Wednesday, August 24, 2005

Learning from the Vietnam War's Phoenix program

This paper at the Army War College's Carlisle Barracks Web site is an examination of the controversial Phoenix counterinsurgency program during the Vietnam War: From the Ashes of the Phoenix: Lessons for Contemporary Counterinsurgency Operations by Kenneth Tovo 03/18/05 (*.pdf file)

As the title may suggest, it is an attempt to find useful lessons in the experience of that program.  Tovo "blips" over the many problems of that effort by saying that "unfortunately, decentralized operations in an uncertain, ambiguous environment did lead to abuses."  But it's clear from other comments (see below) that he recognizes that the negative and problematic sides were very real.

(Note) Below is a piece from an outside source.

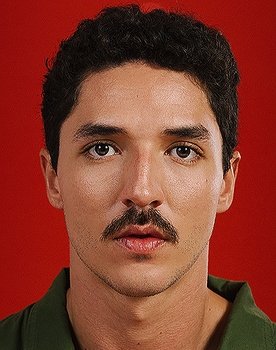 João Vitor Silva as Claudio Roberto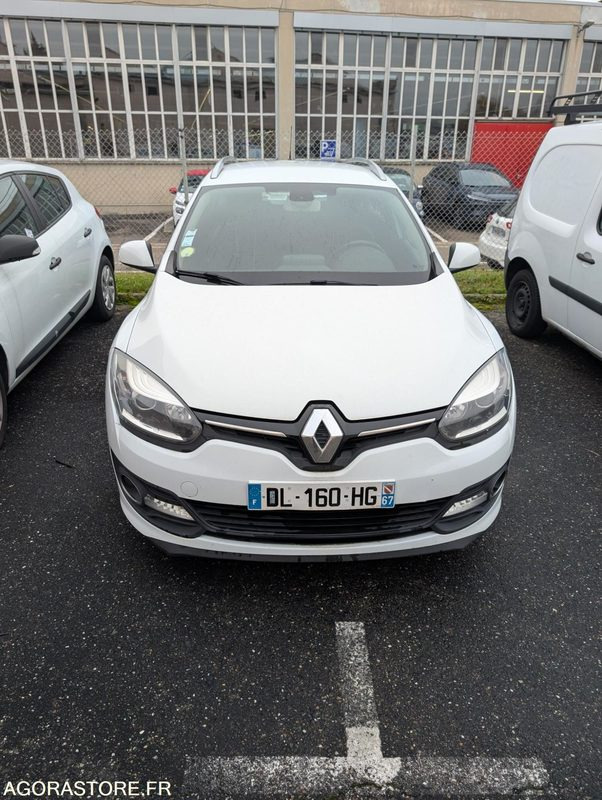MEGANE BREAK 110 CV BOITE AUTO 1.5 DCI - 180 540 KM - Station wagon: fotoğraf 1 MEGANE BREAK 110 CV BOITE AUTO 1.5 DCI - 180 540 KM - Station wagon: fotoğraf 1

But it seems to be a careful and serious analysis of the program, with some important observations about the difference between counterinsurgency warfare and the conventional variety.  He also argues plausibly that despite the failures and "abuses" of the program, "Phoenix was the U.S. government's largest and most systematic effort [in the Vietnam War] to destroy the insurgency's political and support infrastructure - a critical element in a counterinsurgency campaign."  So it's worth examining for practical lessons, both positive and negative.

Here is an example of some of the basic considerations involved, considerations that seem to have largely been neglected in the Iraq War:

Vietnam was a classic example of a mass-oriented insurgency. The VC sought to discredit the legitimacy of the South Vietnamese government in the eyes of the population through a protracted campaign of violence, while offering its own parallel political structure as a viable alternative to the ‘illegitimate’ government.42 The ‘battlefield’ in a mass-oriented insurgency is the population – both the government and the insurgents fight for the support of the people.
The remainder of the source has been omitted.